____ The input

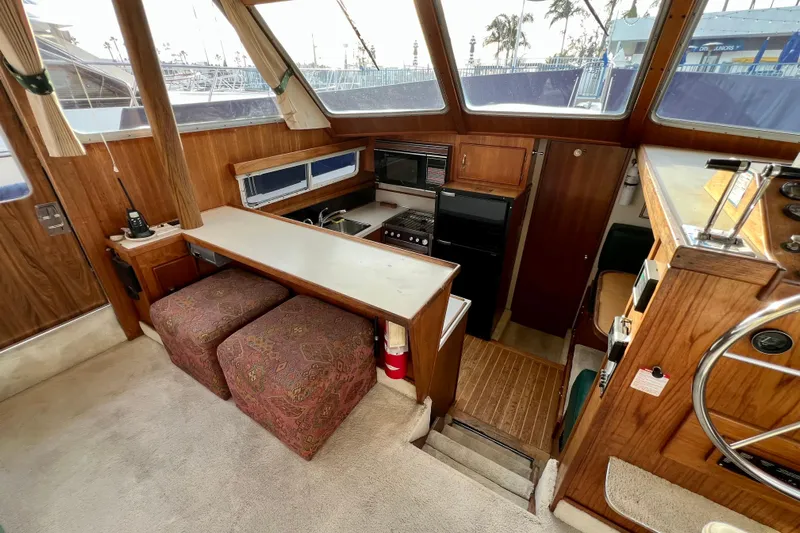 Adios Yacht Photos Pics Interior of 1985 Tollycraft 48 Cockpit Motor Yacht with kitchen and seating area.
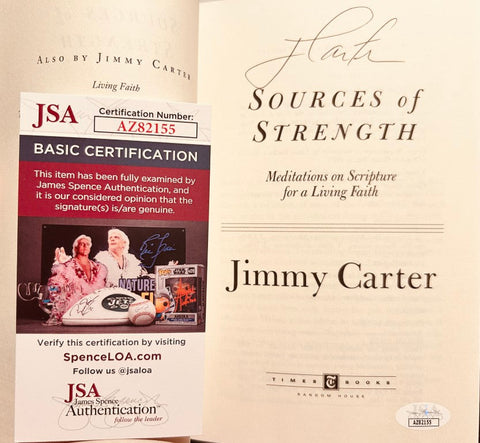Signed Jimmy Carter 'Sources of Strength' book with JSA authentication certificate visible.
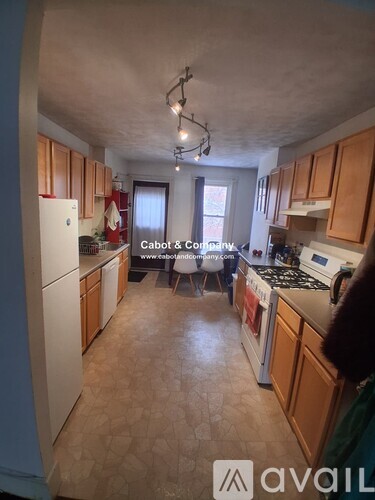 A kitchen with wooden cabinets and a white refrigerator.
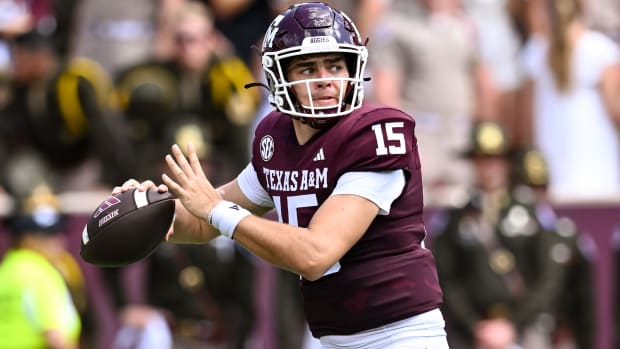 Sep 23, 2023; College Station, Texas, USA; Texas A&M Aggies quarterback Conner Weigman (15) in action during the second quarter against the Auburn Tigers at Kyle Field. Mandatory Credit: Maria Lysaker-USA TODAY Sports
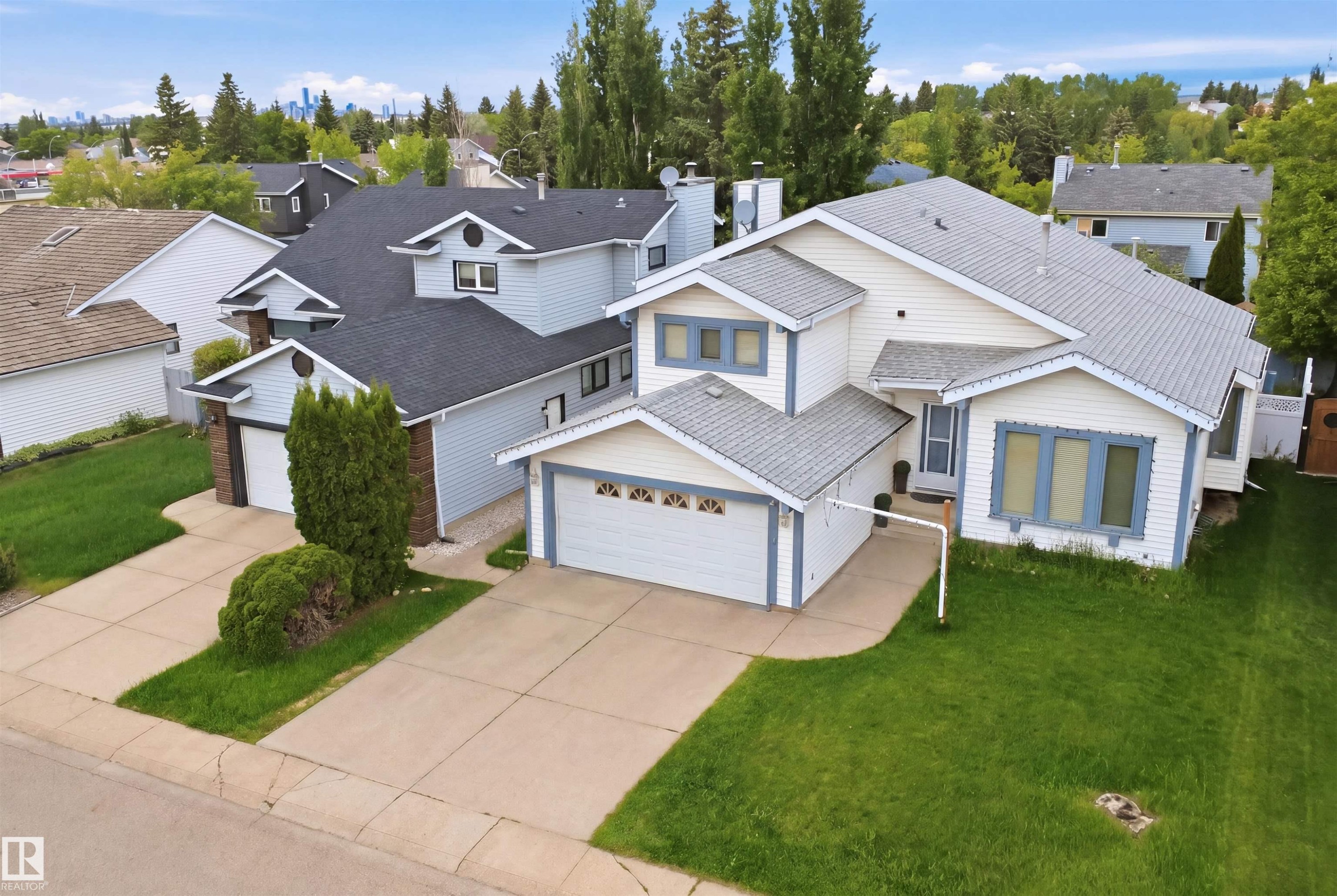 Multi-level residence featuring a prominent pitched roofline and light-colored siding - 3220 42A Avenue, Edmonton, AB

________
____ The input

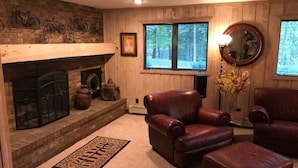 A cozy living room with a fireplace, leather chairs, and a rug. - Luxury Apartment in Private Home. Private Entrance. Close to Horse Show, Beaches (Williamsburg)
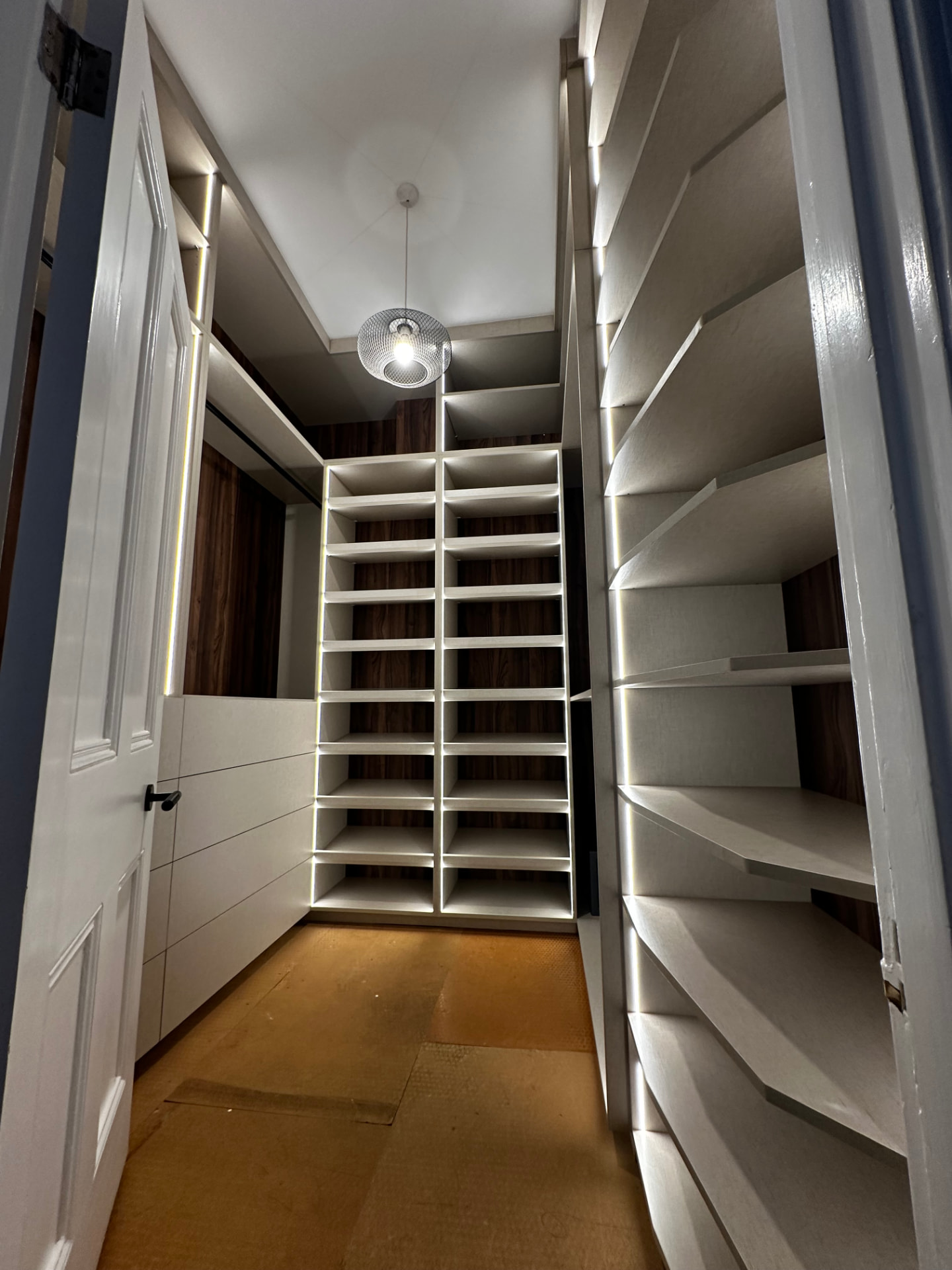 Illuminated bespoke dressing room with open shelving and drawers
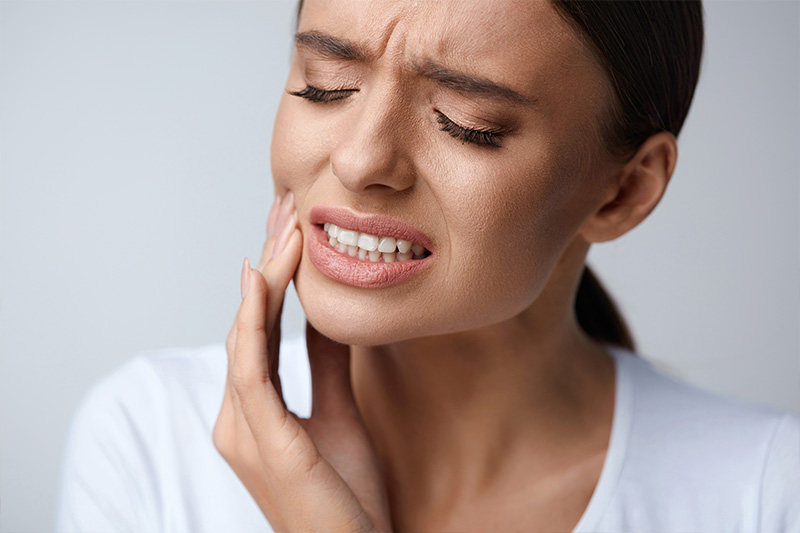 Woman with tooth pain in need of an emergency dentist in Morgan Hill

________

Exercise goal —
Both the line above containing "Illuminated bespoke dressing" and the line containing "Woman with tooth" belong in the copy, along with every line between them; print these exactly and omit the pictures.

Answer area —
 Illuminated bespoke dressing room with open shelving and drawers
 Woman with tooth pain in need of an emergency dentist in Morgan Hill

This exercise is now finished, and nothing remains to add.